The mere fact that I was born in Texas does not give me the right to sneer and disrespect the state or the people therein, and it’s totally unfair to label a happenstance of geography and cartography that has carved out a large chunk of the land mass we call the United States as the bilge. Texas is a beautiful state with a lot of great people and places, ranging from the Gulf Coast to the rolling hills and desert of the west; I have a fond memory of driving across it in early August and being charmed by the variety of its open spaces and the friendliness of the people I met as I took Sam for an early-morning walk in Pecos.
So it must be just the confluence of circumstance and karma that three of the strangest and news-notable events of the past year have either started in Texas or are playing out there: Ebola, Jade Helm 15, and the assault on offensive cartoons of Mohammed by a couple of road-company jihadists from Arizona.
Of course the Ebola outbreak of last fall didn’t start in Texas; some poor fellow already infected with the virus happened to land there, get sick, and ended up dying in a Texas hospital that at first sent him home with two aspirin. The nationwide panic that ensued was fueled by ignorance and to no small degree a midterm election that was desperate to find something to scare the crap out of the voters. But it started in Dallas and gave the local politicians yet another thing to blame on incompetence of the federal government, all the while demanding that they do something before everyone in the Lone Star State was wiped out. Fortunately (except for the first victim), no one else died of Ebola, and once the election was over, it was like it never happened. Two months later, a much more infectious and potentially dangerous epidemic of measles swept the country, but since it started in California and there was no one running for office, we dealt with it calmly. (Also “Ebola” sounds much scarier than “measles,” a disease we associate with childhood and cute poems about Christopher Robin.)

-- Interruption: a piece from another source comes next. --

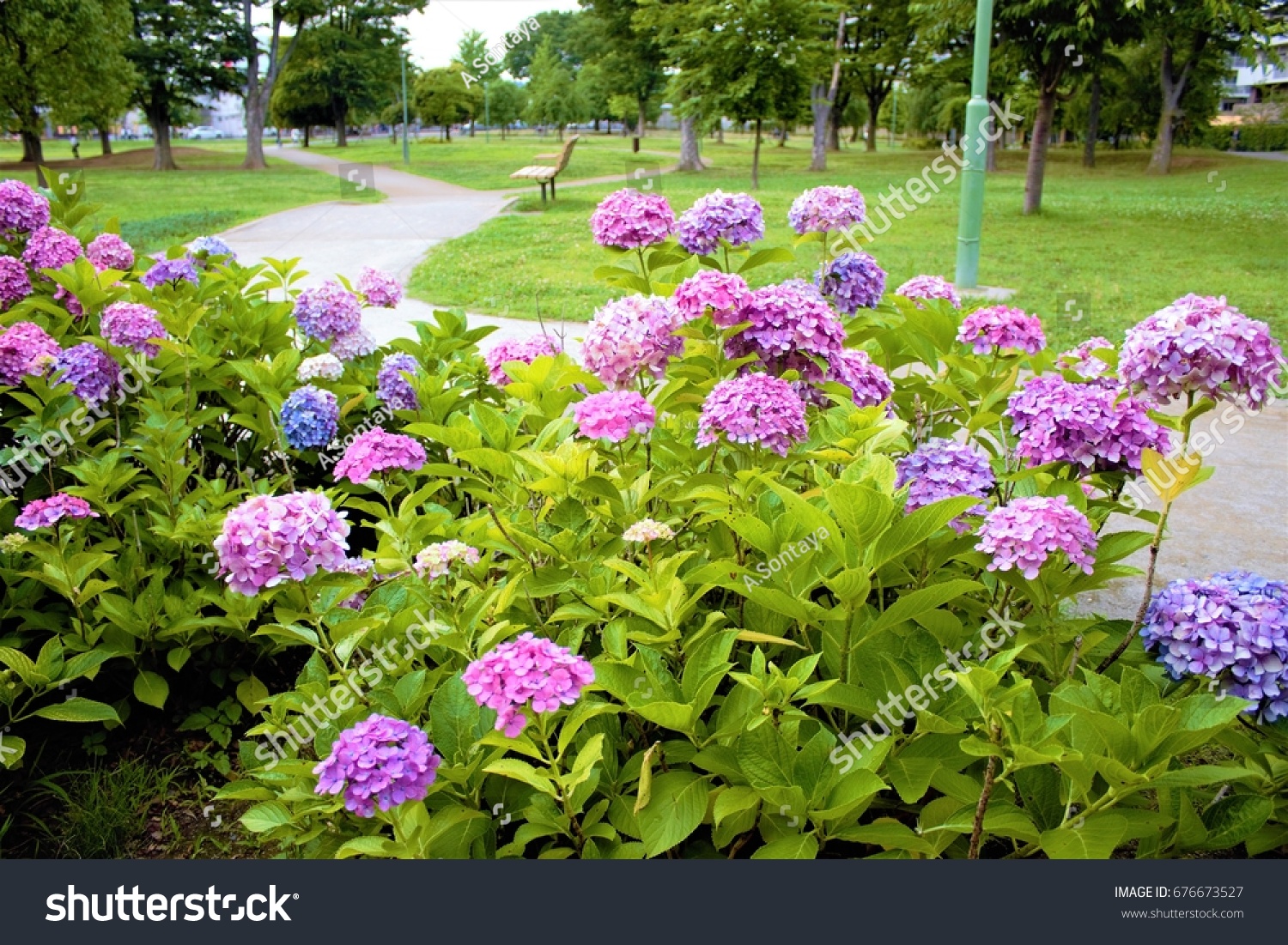 Hydrangea Ajisai Japan Park Stock Photo Edit Now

The paradox of rough-tough gun-totin’ Texans freaking out over a military exercise titled Jade Helm 15 that they see as a cover for martial law, gun confiscation, and a Red Dawn-style invasion by the forces of evil under the thrall of the Secret Muslim Kenyan Usurper is both amusing and scary: amusing that a military exercise that has been openly planned for a long time and is a reprise of pretty much the same exercise that took place in 2005, and scary that otherwise allegedly sane people who drive around with SUPPORT OUR TROOPS bumper stickers would think that the Special Forces of the United States Army, Navy, Air Force, and Marines could pull it off. What happened to the bumbling, fumbling, snafu-prone federal government? Have they actually been using their legendary molasses-like pace as a cover for their truly swift and overwhelming abilities to seize an entire state without tipping someone off? How very clever.

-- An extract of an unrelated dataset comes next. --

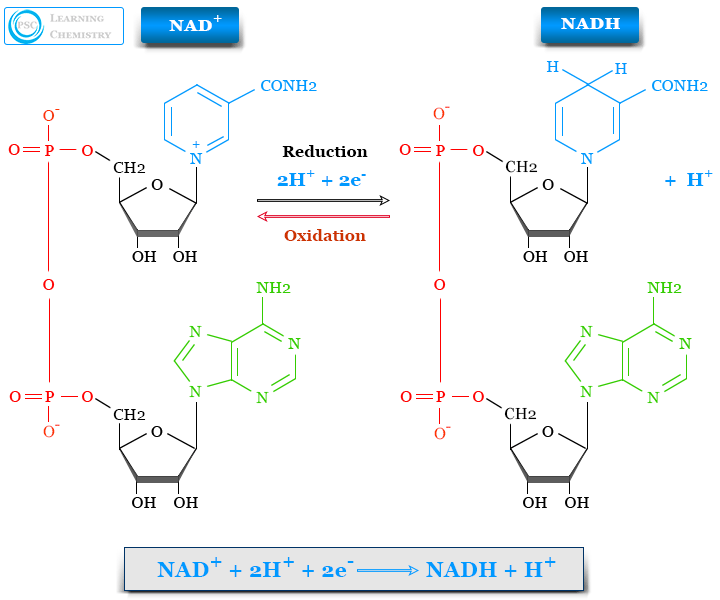 Nicotinamide adenine dinucleotide NAD and NADH structure, definition, uses in metabolism and oxidized and reduced forms or supplements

As with Ebola, this story couldn’t have gotten legs without the help and encouragement of the politicians who instinctively know how to exploit the fear and loathing of low-information voters, and Texas excels at electing such exploiters as Sen. Ted Cruz, Gov. Greg Abbott, and Rep. Louis Gohmert, all of whom have gone so far over the top with the boogedy-boogedy about Jade Helm 15 that the voice of reason — at least in terms of defending the troops if not the president — is former Gov. Rick Perry, who heretofore was famous for succeeding George W. Bush both as governor and as a buffoon.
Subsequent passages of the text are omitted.